Photo: CFACT Collegians Julia Heath of Liberty University in Virginia (top left), Johnny Uribe of Sam Houston State University in Texas (top right), and Luke Gratz of the University of Pittsburgh in Pennsylvania (bottom left), submit comments to BOEM on the right whale strategy plan.

CFACT Collegians from Virginia, Pennsylvania, Indiana, Washington, D.C., Texas, and Arizona submitted official comments to the Bureau of Ocean Energy Management (BOEM) criticizing BOEM’s North Atlantic Right Whale (NARW) offshore wind (OSW) protection strategy for not doing enough to ensure the survival of the right whale.

Farrell Sessler of Grand Canyon University in Arizona makes her submission.

While usually government agencies give the potential impacts on wildlife far more importance than the benefits of infrastructure or energy projects in making regulations, this time, BOEM and other bureaucracies are turning a blind eye to the plight of the right whale in order to ram through President Biden’s offshore wind agenda.

While BOEM’s policy will impact many projects, CFACT Collegians focused on the impact that Dominion Energy’s Virginia offshore wind project would have on the right whale through this BOEM policy as a case study.

“My name is Julia, and I am a student with CFACT at Liberty University [in Virginia]. The North Atlantic right whale is an endangered species, with only 300 of these whales being left in the world. [Dominion’s] wind turbine project will be built directly in the path of these whales’ migratory path, posing a significant threat to their safety and population,” a submission from CFACT Collegian Julia Heath in Virginia read.

“This wind turbine project will feature 176 turbines, each 700 feet tall with blades longer than a football field,” read another submission by Luke Gratz, a CFACT student at the University of Pittsburgh, Bradford. “A 10 megawatt (MW) turbine causes 180 decibels of sound underwater, which is greater than the NOAA limit of 120 decibels for marine life.”

Johnny Uribe of Sam Houston State University in Texas echoed Luke’s concerns in his submission, writing, “The turbines in this Virginia offshore project will be 14-15 MW, and thus will cause even greater, harmful sound to the whales than a 10 MW turbine.”

Kara Howey of American University proudly displays her submission.

In Washington, D.C., American University student Kara Howey has the same worries as Uribe.
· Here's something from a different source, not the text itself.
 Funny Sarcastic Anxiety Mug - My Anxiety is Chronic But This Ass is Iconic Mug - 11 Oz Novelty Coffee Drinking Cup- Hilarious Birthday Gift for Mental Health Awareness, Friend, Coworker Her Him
Howey informs, “This harmful sound will force the whales to migrate around the turbine project area, pushing them into busy shipping lane traffic on either side, greatly increasing the chance of whale to boat collision fatalities.”

The Biden Administration has made it a top priority to transition to “renewable” energy, and offshore wind turbines are a major part of that strategy. Achieving this goal is such a high priority for the president that executive agencies are ignoring the real, obvious threat such massive wind turbines would have to marine life such as the endangered right whale. Federal bureaucracies like BOEM are rubber stamping environmental reviews to push “green” energy no matter the cost.

Kyle Reynolds of Indiana University, Bloomington submits his comments to BOEM.

“This [turbine] sound will also cause the Right Whales to go around the turbines and straight into the higher traffic shipping lane, which will cause even more deaths due to collisions,” wrote Farrell Sessler of Grand Canyon University in Arizona. “There may also be collisions due to servicing boats that attend to the turbines. In addition, based on the case of Maine Lobstermen’s Assoc. v. NMFS, any activity that causes harm to the North Atlantic Right Whale is prohibited based on the NMFS’ determination that even causing a single Right Whale death is unallowable. Are these risks and deaths worth the outcome? I beg you to listen and change your mind.”

“I am opposed to the proposed wind turbine project off the Virginia coast because there does not seem to be a compelling rationale for the project that justifies the potential danger it poses to the North Atlantic Right Whale, an endangered species,” said Kyle Reynolds of Indiana University, Bloomington. “To quote the National Marine Fisheries Service ‘for the [Right Whale] species to recover, the population cannot sustain, over the course of a year, the death or injury of a single individual due to human causes.’ And, it is more than plausible that this project will cause such injury to North Atlantic Right Whales.”

The issue of the right whale, BOEM’s Strategy plan, and the status of Dominion Energy’s massive Virginia offshore wind project are all in flux. CFACT, along with the Heartland Institute and the American Coalition for Ocean Protection have formed a coalition that has retained legal counsel to advise on the government’s decisions regarding the environmental impact of Dominion’s wind project, and are ready to pursue litigation if such action would become necessary.